Dr. Catherine DeAngelis is editor of the journal of the American Medical Association, JAMA, which this week published a special issue devoted to diabetes.

Most diabetics can do a pretty good job of controlling the disease with diet and often with a daily injection of insulin. The ultimate goal for diabetes, though, is a cure, or at least a one-time treatment that will work for an extended period of time.

Since diabetes is usually caused by the failure of the body to produce enough insulin, some researchers have been trying to figure out how to get the body's insulin factory back up to speed. Insulin is produced in the pancreas, in cells called islet cells.

One approach that is showing some promise involves using the body's own adult stem cells to promote islet growth. Dr. Richard Burt of Northwestern University described the results from a small study conducted in Brazil with colleagues from the University of São Paulo.

They separated stem cells from the blood of the diabetics in their study, then suppressed the immune system, so the re-injected stem cells could build up the pancreatic islet cells.

BURT:  "We do what's called mobilization, and that's collecting the stem cells from the blood. And then we preserve it, freeze it down and give the patient what we call 'conditioning regimen,'  and that is to condition your immune system, to knock it down. And then we infuse, reinfuse these stem cells, let the patient recover, and then they're discharged from the hospital."

There were only 23 people in the study, but after just one treatment most of the patients were able to live without insulin for more than a year, averaging two and a half years.

BURT:  "This is the first time in the history of treating Type 1 diabetes that patients have normal blood sugar and are drug-free - no drugs at all, no other treatments - after one intervention."

There were only a few, mostly mild side effects. But the treatment typically required two to three weeks in the hospital.

Burt says a larger test of the procedure is planned for both Chicago and Sao Paolo, pending approval.

People with diabetes are at risk for a number of other diseases.

So Frans Wackers of Yale University wanted to see if diabetics who had no symptoms of heart disease could benefit from screening for cardiovascular illness.

In an separate paper also published this Dr. Wackers described a study in which he took a group of diabetics who had no symptoms of heart disease and screened half of them for hidden heart problems.

WACKERS:  "And so the notion is that patients with diabetes are walking around with a 'time bomb' that ticks and can go off any time, but we don't know when."

The other half got no screening.
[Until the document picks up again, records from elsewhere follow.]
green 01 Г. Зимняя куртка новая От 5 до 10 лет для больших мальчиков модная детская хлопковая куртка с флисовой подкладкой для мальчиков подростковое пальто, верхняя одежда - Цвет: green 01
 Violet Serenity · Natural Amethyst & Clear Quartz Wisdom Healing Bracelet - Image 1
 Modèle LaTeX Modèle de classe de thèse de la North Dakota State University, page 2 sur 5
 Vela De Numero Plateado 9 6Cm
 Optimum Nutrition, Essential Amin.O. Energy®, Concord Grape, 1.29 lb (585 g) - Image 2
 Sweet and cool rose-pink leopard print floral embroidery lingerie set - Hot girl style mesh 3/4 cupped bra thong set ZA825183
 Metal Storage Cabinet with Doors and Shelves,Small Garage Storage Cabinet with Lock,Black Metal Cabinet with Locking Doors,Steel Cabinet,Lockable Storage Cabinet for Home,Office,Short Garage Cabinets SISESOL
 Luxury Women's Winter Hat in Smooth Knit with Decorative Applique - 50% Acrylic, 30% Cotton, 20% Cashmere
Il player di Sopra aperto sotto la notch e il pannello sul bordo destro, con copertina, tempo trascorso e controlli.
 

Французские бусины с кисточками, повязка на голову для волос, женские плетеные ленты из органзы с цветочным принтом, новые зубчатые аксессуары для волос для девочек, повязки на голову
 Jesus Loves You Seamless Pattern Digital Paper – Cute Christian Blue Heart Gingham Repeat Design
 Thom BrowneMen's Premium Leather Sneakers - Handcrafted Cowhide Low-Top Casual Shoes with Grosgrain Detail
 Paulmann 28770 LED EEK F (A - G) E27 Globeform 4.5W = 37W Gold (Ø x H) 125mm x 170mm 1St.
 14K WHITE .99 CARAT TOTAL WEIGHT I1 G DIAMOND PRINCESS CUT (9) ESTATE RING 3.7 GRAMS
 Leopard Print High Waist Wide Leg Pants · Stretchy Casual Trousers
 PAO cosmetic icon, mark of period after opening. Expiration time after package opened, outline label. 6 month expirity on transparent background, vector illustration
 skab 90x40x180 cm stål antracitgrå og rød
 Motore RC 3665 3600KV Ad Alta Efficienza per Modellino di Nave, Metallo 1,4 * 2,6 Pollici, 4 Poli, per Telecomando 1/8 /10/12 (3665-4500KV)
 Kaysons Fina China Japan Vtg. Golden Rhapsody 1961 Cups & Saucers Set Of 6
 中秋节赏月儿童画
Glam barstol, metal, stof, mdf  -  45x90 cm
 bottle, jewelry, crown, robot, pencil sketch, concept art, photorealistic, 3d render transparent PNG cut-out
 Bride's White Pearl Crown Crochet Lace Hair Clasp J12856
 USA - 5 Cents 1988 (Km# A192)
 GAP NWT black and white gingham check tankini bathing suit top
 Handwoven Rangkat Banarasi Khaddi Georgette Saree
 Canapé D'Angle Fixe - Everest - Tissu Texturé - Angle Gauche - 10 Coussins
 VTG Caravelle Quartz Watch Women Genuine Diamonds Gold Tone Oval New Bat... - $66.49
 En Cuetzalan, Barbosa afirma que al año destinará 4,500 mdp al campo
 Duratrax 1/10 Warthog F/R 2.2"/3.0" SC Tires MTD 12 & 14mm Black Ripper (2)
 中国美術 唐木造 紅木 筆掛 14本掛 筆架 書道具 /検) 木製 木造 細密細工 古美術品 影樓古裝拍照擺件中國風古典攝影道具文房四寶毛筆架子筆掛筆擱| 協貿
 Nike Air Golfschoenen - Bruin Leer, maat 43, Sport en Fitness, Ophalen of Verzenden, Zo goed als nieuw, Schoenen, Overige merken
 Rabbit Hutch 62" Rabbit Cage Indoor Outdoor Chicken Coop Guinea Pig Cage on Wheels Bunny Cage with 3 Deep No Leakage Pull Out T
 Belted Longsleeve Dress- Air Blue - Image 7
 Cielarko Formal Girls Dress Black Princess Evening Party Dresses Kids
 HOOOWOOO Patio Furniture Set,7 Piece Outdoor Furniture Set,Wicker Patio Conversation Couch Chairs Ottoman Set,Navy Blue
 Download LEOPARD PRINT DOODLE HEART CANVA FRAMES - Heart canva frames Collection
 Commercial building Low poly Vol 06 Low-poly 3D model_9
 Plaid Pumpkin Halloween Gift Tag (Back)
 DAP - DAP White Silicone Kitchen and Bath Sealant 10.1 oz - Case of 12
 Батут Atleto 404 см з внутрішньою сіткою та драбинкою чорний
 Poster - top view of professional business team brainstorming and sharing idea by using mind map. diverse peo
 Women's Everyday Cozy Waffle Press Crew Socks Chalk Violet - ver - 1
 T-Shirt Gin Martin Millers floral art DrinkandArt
The group that was screened were given their results, but there was no requirement that they get any additional treatment.

The researchers figured that diabetics who were informed of possible heart problems would get treatment - maybe take drugs to lower blood pressure or cholesterol - and that they would be less likely to have a heart attack or die.

But Wackers told reporters in fact there was little difference between the two.

WACKERS:  "And after five years the total incidence of cardiac event is 2.7 percent - again, much lower, actually, than we anticipated. Now is this due to screening? Well, here's the group which had no screening whatsoever, and the two curves of events over time are almost superimposable, and there was no statistical difference."

So there were fewer cardiac events - including heart attacks - and fewer people died than they expected, and there was no significant difference between the diabetics who were specifically told that they may have a heart condition, and those who were not screened.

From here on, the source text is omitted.